The usefulness of today's websites is limited by their form and ease of access. Even though the web contains an ever-expanding wealth of information, much of it exists in a form that is not directly useful. How can end-users access the web in a way that meets their needs?
We present record and replay (R+R) as a way to bridge the gap between a website's functionality and the end-user's goal. R+R leverages an interface the user knows and is stable --- that is, the webpage --- in order to automate repetitive tasks. A R+R system observes a user interacting with a website and produces a script which, when executed, repeats the original interaction. End-users can use R+R to automate a sequence of actions and programmers can use these recordings as an API to execute more complicated tasks. Unfortunately, as websites become more complex, R+R becomes increasingly difficult.
The challenge with modern websites is that a single demonstration of the interaction has limited information, making scripts fragile to changes in the website. For past R+R systems, this was less of an issue because of the static nature of websites. But as the web becomes more dynamic, it becomes difficult to produce a robust script that mimics the interactivity of the user and can adapt to changes on the page.

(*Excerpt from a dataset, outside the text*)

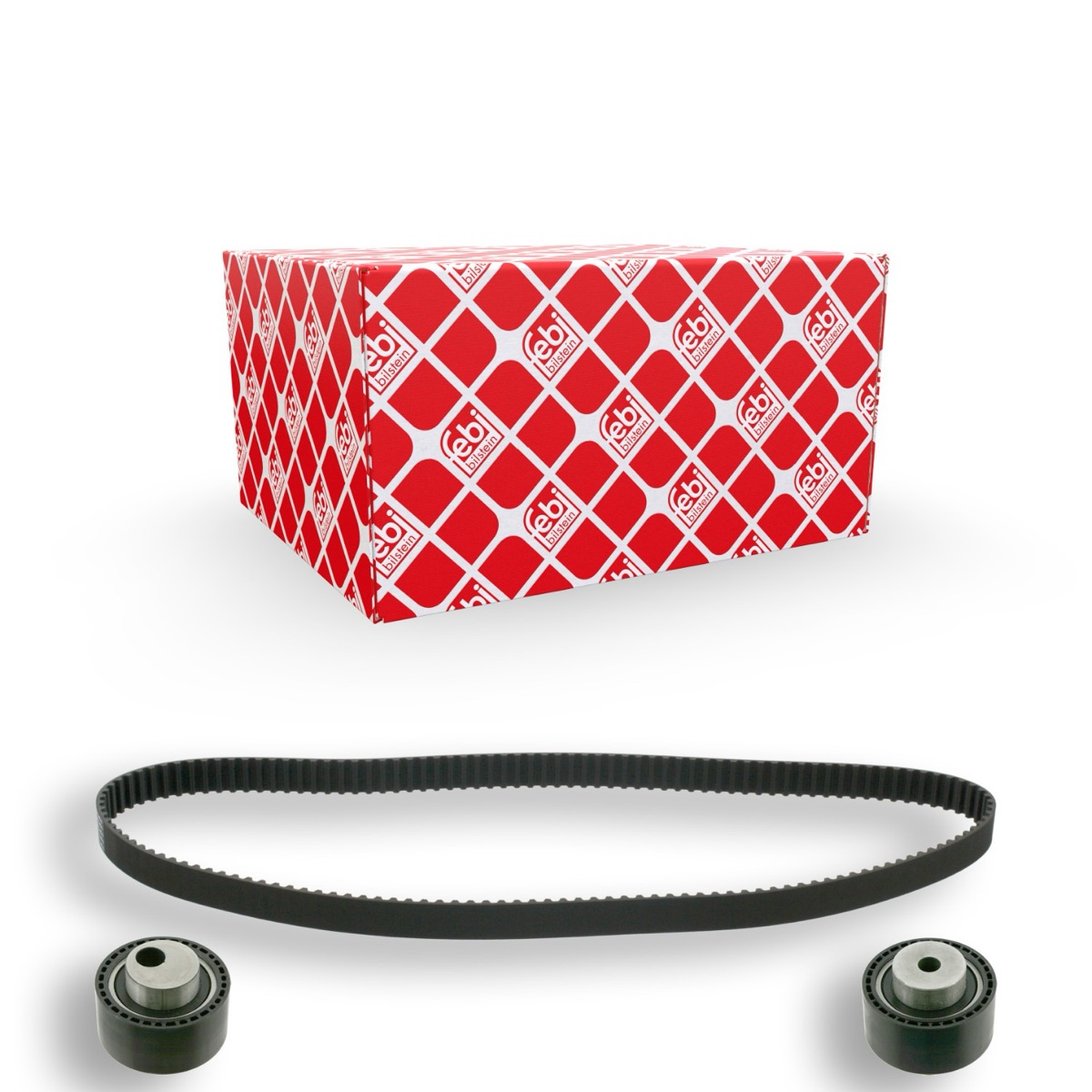 Febi Bilstein 27391 Timing Belt Kit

To solve this problem, we developed Ringer, a R+R system for the web. Ringer is built on three key abstractions --- actions, triggers, and elements. Ringer takes a user demonstration as input and synthesize a script that interacts with the page as a user would. To make Ringer scripts robust, we develop novel methods for web R+R. In particular, Ringer uses the following features:
Inferring triggers automatically which synchronize the script with the state of the webpage
Monitoring the replay execution to ensure actions faithfully mimic the user
Identifying elements on the replay-time page using a similarity metric
To evaluate our work, we run Ringer on a suite of real-world benchmarks by replaying interactions on Alexa-ranked websites. We compare Ringer against a current state-of-the-art replay tool and find that Ringer is able to replay all 29 benchmark interactions, compared to only 5 benchmarks for the previous approach. Additionally, our benchmarks show that a replayer needs to synchronize with the state of a webpage in order to replay correctly, motivating Ringer's use of triggers. We show that our trigger inference algorithm can synthesize sufficient synchronization, while also having the added benefit of speeding up the replay execution. Finally, we show that R+R is useful as a building block for end-user applications by building two such tools using Ringer. One allows end-users to scrape structured data from a website simply through demonstration. The other allows end-users to aggregate real-time data from various websites in the form of live tiles, by specifying the data they want on a website through demonstration.